Verbatim copy without images: repeat the records in full.
Records provided section start
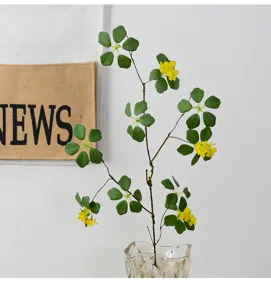 Artificial plant branch with green leaves and yellow flowers in clear glass vase detail shot.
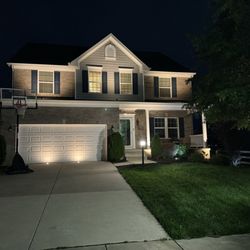 Outdoor Glo - The house at night with the lights.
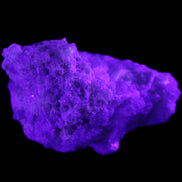 Green Tourmaline cluster on matrix 60*45*37mm 111.8g in UV light - Rocks and Things Store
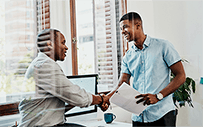 An employer shakes the hand of an intern.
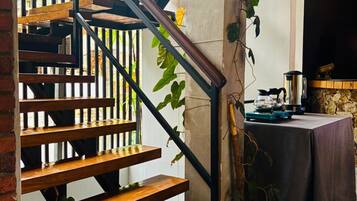 A staircase with wooden steps and black metal railings, a potted plant, and a table with a tablecloth.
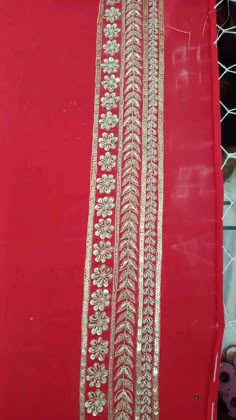 red and gold sari with golden thread on it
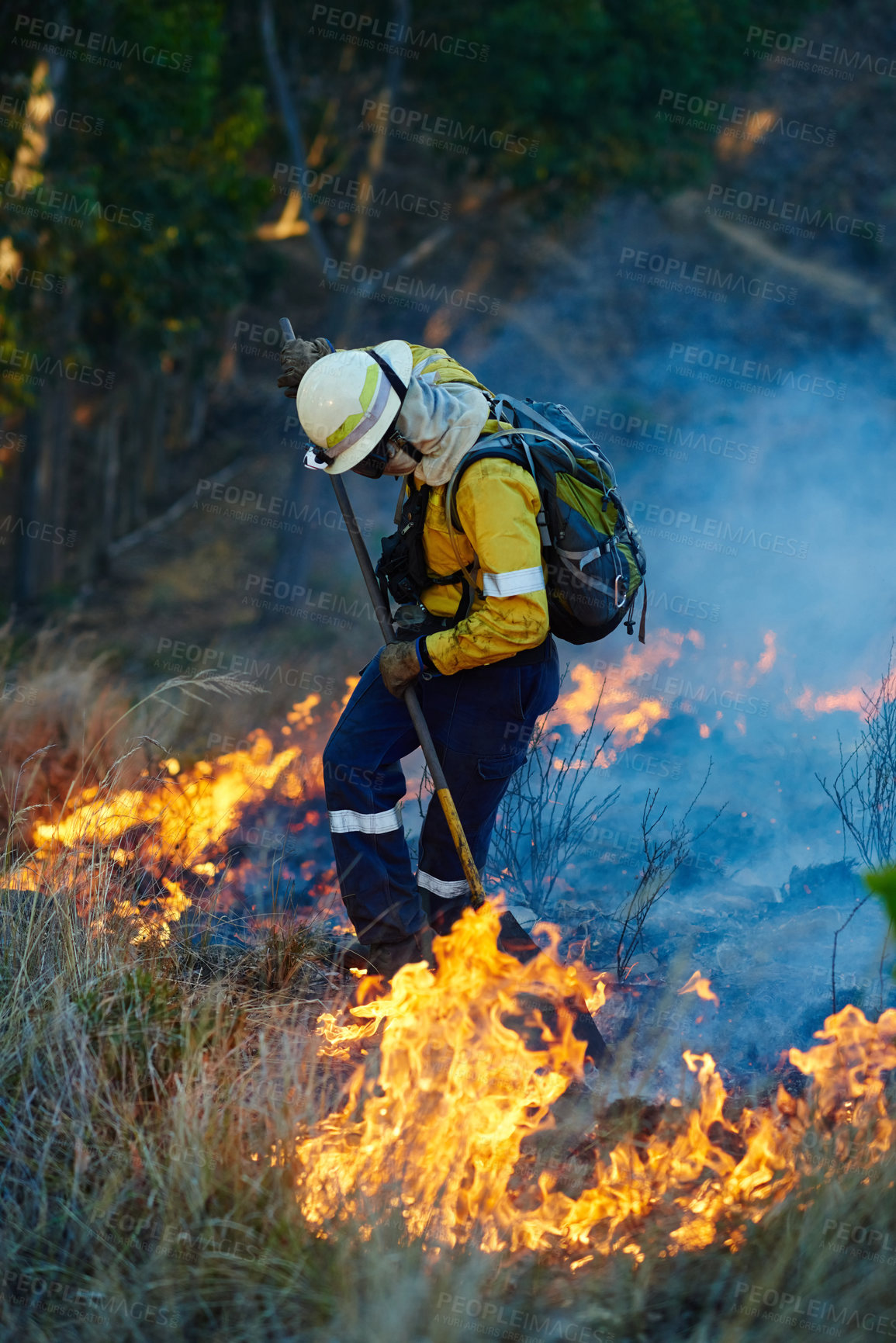 Buy stock photo Shot of fire fighters combating a wild fire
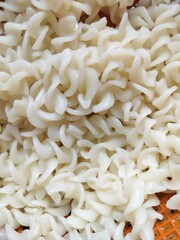 Pasta is a type of food made from dough, typically of wheat flour and water or eggs, formed into various shapes and then cooked by boiling or baking like noodles. Asian Food.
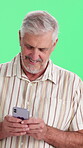 Phone, smile and typing with man on green screen background for communication, feedback or update. App, happy and text message with mature person in studio for download, mobile post or search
Records provided section end
> Result of this exercise
 Artificial plant branch with green leaves and yellow flowers in clear glass vase detail shot.
 Outdoor Glo - The house at night with the lights.
 Green Tourmaline cluster on matrix 60*45*37mm 111.8g in UV light - Rocks and Things Store
 An employer shakes the hand of an intern.
 A staircase with wooden steps and black metal railings, a potted plant, and a table with a tablecloth.
 red and gold sari with golden thread on it
 Buy stock photo Shot of fire fighters combating a wild fire
 Pasta is a type of food made from dough, typically of wheat flour and water or eggs, formed into various shapes and then cooked by boiling or baking like noodles. Asian Food.
 Phone, smile and typing with man on green screen background for communication, feedback or update. App, happy and text message with mature person in studio for download, mobile post or search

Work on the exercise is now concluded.